There is no awareness, discussion, admission, or concern about the sight or the plight of the city. When I raise this with city council members, shockingly, they—the elected officials and their aides—immediately ask me—a 73-year-old retired professor and student of cities—what does a City Manager do? This has occurred with at least three councilors and many aides. Only one showed any interest in my answer. That person no longer serves the City.

This happened most recently with then newbies Remy and Bankston in my dining room after a former veteran aide insisted that they meet with me. I urged them to look closely at other cities. Startled, Bankston attempted to trick me (as is his want) by asking “oh, which ones?” I asked: how much time do you have? I started with Cleveland, Cincinnati, Indianapolis, Pittsburgh….He did not have much time or interest in learning. One legislative aide with no background in urban studies, refuses comparisons of Columbus with any other city.

When I commented on the total failure of all City communications, Remy quipped: Oh, everyone knows that. I then asked: Why does nothing change? He was silent.

Remy is an Upper Arlington realtor. Almost everyone in City Hall with whom I have spoken considers that an unacceptable conflict of interest that should disqualify him from office. As chair of the public safety and refuse committees, he specializes in not knowing about Public Safety, and in promoting the wasteful PR sloganeering CleanerColumbus, once a year volunteer trash pick-up, in lieu of adequately funding trash collection and enforcing city code. This year, the City awarded a $100,000 no-bid contract to Channels 4 and 10 to advertise Remy’s face, an unethical and likely illegal move. My plea to clear the trash that OSU students throw in our corner yard as if it were a public dump went unheeded both by Remy and OSU’s student government-funded stunt where student groups were paid $100 to clear their own fraternity and sorority house yards but ignore the rest of us especially the trashiest areas in the University District. Neither Remy nor the OSU student “organizer” reply to my questions or acknowledge my suggestions for reorganization.

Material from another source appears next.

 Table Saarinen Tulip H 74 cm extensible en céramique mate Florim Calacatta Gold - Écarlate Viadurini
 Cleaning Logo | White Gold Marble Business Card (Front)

Not knowing what a city manager does—as well as the contents of the US Constitution, state, and city laws as well as knowledge of cities – should be an automatic disqualification for office. But election to council and mayor in Columbus is completely a function of the out of repair, poorly oiled, anti-democratic Democratic machine in the city and county.

Harvey J. Graff is Professor Emeritus of English and History at The Ohio State University and inaugural Ohio Eminent Scholar in Literacy Studies. Author of many books, he writes about a variety of contemporary and historical topics for Times Higher Education, Inside Higher Education, Academe Blog, Washington Monthly, Publishers Weekly, Against the Current, Columbus Free Press, and newspapers. Searching for Literacy: The Social and Intellectual Origins of Literacy Studies was published by Palgrave Macmillan in 2022. My Life with Literacy: The Continuing Education of a Historian. The Intersections of the Personal, the Political, the Academic, and Place is forthcoming.“Reconstructing the ‘uni-versity’ from the ashes of the ‘multi- and mega-versity’” is in progress.